Gleich zwei prominente Teams feiern beim siebten Saisonlauf ein Comeback. Heimrecht genießt dabei Zakspeed-Racing aus Niederzissen, die mit den Fahrern Sascha Bert (Ober-Ramstadt) und Marc Anton Bronzel (Großensee) eine feuerrote Dodge Viper in der GT3-Klasse an den Start bringen. Weit gereist hingegen ist das Lexus-Werksteam aus Japan, das mit dem Journalisten Peter Lyon (Australien) und Matusuda Hidashi (Japan) den spektakulären Lexus IS F mit seinem unverwechselbaren Sound in die Eifel bringen.

Mit stolzer Brust treten gehen die beiden Porsche Werksfahrer Marc Lieb (Ludwigsburg) und Richard Lietz (Österreich) ins Rennen, die am Wochenende vor dem Grenzlandrennen die GT2-Klasse beim legendären 1000km-Rennen auf dem Nürburgring für sich entschieden haben. Auch wenn beide für Manthey-Racing starten, sind sie nun Konkurrenten. Lieb nimmt das Rennen zusammen mit Marcel Tiemann (Monaco) und Arno Klasen (Karlshausen) im Porsche 911 GT3 RSR bei den VLN-Specials bis 4.000 ccm Hubraum in Angriff.

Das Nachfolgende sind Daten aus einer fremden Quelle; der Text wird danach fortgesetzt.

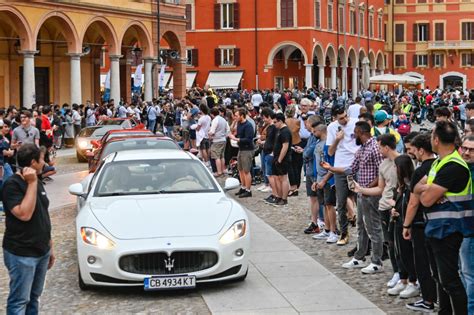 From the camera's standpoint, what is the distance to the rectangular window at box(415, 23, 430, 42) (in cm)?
7812

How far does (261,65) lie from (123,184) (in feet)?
170

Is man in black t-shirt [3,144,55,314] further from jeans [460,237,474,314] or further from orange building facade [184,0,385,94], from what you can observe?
orange building facade [184,0,385,94]

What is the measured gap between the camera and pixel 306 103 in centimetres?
1838

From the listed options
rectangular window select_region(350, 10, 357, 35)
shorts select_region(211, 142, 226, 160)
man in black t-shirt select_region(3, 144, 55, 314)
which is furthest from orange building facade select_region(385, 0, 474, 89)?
man in black t-shirt select_region(3, 144, 55, 314)

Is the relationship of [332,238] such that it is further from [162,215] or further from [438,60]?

Lietz wechselt sich mit Armin Hahne (Monaco) und Jochen Krumbach (Eschweiler) am Volant des Porsche 911 GT3 Cup in der KT3-Klasse ab.

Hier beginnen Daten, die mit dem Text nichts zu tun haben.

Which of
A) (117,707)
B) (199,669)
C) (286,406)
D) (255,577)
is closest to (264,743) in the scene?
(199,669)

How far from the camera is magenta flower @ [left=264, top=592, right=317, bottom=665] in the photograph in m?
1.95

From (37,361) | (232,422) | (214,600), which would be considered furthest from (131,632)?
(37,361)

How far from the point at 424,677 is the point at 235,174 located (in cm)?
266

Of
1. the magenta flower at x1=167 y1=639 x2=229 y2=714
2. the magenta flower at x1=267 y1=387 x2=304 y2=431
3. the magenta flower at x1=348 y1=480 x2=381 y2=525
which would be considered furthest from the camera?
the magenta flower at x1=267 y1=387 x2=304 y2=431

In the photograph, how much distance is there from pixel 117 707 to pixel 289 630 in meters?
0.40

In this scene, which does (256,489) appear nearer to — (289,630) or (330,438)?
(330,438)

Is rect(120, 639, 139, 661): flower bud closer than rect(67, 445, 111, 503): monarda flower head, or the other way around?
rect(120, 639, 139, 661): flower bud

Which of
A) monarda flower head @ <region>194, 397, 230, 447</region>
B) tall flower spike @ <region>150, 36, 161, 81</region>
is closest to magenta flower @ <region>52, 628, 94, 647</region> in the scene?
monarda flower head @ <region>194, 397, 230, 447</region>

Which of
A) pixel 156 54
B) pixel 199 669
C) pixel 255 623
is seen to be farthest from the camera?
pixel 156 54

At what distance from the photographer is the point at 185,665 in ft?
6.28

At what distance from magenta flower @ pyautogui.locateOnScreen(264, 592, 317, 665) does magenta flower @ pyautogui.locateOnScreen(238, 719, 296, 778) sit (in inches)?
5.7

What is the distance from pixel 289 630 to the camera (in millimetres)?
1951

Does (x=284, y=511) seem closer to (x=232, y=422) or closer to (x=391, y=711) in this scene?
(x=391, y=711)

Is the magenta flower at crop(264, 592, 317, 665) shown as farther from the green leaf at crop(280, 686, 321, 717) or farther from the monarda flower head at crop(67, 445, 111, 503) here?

Mit vielen Vorschusslorbeeren wurde das neue Bio-Projekt des Teams Four Motors rund um Smudo, Frontmann der Hip-Hop-Combo „Die fantastischen Vier“, bedacht. Von technischen Feinheiten bislang jedoch ausgebremst, soll der schnittige Renault Mégane Trophy, der mit Biodiesel betrieben wird, beim Grenzlandrennen nun endlich seine Rennpremiere feiern. Zuversichtlich hat das Team seine Nennung abgegeben, obwohl der Wagen noch nicht rennfertig auf eigenen Rädern steht. Um das lange ersehnte Ziel zu erreichen, wird die Truppe Tag und Nacht arbeiten – und mit etwas Glück stehen Smudo, Tom von Löwis (Reutlingen) und Michael Irmgartz (Neuwied) dann am Samstag pünktlich um 13 Uhr in der Startaufstellung.

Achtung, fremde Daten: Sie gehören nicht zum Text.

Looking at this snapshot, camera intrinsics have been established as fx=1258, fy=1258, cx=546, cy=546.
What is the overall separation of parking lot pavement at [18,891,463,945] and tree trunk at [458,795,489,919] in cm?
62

Vier Rollen oder vier Räder – „Beschleunigung ist mein Lebensmotto“
Auf vier Rollen war er eine Legende, im Motorsport ist er einfach nur ein sympathischer Herrenfahrer. Die Rede ist von Titus Dittmann, dem Vater der deutschen Skateboard-Szene. Der Unternehmer aus Münster feiert mit seinem Geschäft in diesem Jahr 30-jähriges Jubiläum. Beim Grenzlandrennen bestreitet er gemeinsam mit seinem Sohn Julius neben dem 24-Stunden-Rennen seinen zweiten Nordschleifeneinsatz in diesem Jahr. Zusammen mit Dag von Garrel teilen sich Vater und Sohn Dittmann einen BMW 318 iS in der Klasse der VLN-Serienwagen bis 1.800 ccm Hubraum.

Geänderter Zeitplan beim Grenzlandrennen
Aufgrund der Rudolf Caracciola Gedenkfahrt die im Rahmen des 32. RCM DMV Grenzlandrennens zwischen 10:10 Uhr und 11:50 Uhr zu Ehren des erfolgreichsten deutschen Motorsportlers der Vorkriegszeit auf der Nordschleife stattfindet, verschiebt sich der Zeitplan für die Teilnehmer der Langstreckenmeisterschaft. Das Training findet zwischen 8:05 Uhr und 9:35 Uhr statt, das Rennen über die Distanz von vier Stunden startet um 13 Uhr.